# Dog Pile



## Dalantech (Oct 1, 2009)

One of my favorite images from photographing bees on a comb  Taken at life size magnification (so with my camera this shot is 22mm, or less than an inch, long). Click through to get to my Deviant Art gallery, and then click on that image to make it expand for a larger version:


----------



## bluegrass (Aug 30, 2006)

Nice; the detail in the comb is unreal. I wish my camera could zoom in that closely.


----------



## Dalantech (Oct 1, 2009)

bluegrass said:


> Nice; the detail in the comb is unreal. I wish my camera could zoom in that closely.


Thanks 

I shot that one at life size, so any standard macro lens at maximum magnification would work. 

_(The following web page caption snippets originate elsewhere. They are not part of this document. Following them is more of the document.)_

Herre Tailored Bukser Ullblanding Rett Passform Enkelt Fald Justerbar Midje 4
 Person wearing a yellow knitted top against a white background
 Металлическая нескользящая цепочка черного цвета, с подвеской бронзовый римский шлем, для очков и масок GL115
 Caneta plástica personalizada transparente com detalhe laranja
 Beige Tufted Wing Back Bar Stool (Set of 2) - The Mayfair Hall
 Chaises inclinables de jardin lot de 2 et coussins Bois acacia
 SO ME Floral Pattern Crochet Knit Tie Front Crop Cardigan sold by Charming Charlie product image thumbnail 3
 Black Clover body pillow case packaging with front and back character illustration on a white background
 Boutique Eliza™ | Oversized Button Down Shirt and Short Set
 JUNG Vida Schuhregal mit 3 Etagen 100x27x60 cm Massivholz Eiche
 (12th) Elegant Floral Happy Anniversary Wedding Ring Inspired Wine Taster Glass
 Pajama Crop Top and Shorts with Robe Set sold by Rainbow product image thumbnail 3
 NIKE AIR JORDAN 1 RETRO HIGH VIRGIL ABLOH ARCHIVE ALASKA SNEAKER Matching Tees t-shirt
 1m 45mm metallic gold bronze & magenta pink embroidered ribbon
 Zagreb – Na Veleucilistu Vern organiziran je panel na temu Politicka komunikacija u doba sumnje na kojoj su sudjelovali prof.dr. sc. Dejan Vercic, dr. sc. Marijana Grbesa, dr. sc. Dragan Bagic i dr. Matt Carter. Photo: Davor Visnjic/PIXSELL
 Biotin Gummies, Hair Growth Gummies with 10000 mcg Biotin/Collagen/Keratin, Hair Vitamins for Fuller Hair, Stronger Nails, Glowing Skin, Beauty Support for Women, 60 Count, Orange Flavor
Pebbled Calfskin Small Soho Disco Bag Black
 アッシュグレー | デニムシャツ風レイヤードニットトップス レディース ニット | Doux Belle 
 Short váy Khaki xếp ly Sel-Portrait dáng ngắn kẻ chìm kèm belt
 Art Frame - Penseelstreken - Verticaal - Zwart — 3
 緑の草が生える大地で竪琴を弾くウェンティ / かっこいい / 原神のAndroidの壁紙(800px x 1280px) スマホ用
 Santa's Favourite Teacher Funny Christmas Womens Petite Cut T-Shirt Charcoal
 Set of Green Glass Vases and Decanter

I wanted to shoot another hive, but the weather here is turning cold so I think I missed my chance for this year.


----------



## bluegrass (Aug 30, 2006)

Dalantech said:


> Thanks
> 
> I shot that one at life size, so any standard macro lens at maximum magnification would work.
> 
> I wanted to shoot another hive, but the weather here is turning cold so I think I missed my chance for this year.


Are you using digital? My digital is just and Easyshare so it will not take a picture like that, but I have a Nikon N65 with a 75-300 mm macro Tamaron. I would like to upgrade, but maybe I will try some with film and see how they come out.


----------



## Dalantech (Oct 1, 2009)

bluegrass said:


> Are you using digital? My digital is just and Easyshare so it will not take a picture like that, but I have a Nikon N65 with a 75-300 mm macro Tamaron. I would like to upgrade, but maybe I will try some with film and see how they come out.


Yes: Canon 40D (10 MP), Canon MPE-65mm macro lens (1x to 5x with the turn of a ring -the only lens of its kind), and an MT-24EX macro twin flash with a set of home made diffusers.


----------



## m.zook (May 2, 2009)

Just check out your website and I must say those are the best pictures ive ever seen. Nice work :applause:


----------



## Dalantech (Oct 1, 2009)

m.zook said:


> Just check out your website and I must say those are the best pictures ive ever seen. Nice work :applause:


Thanks 

Lot of practice -and I only show you the good ones


----------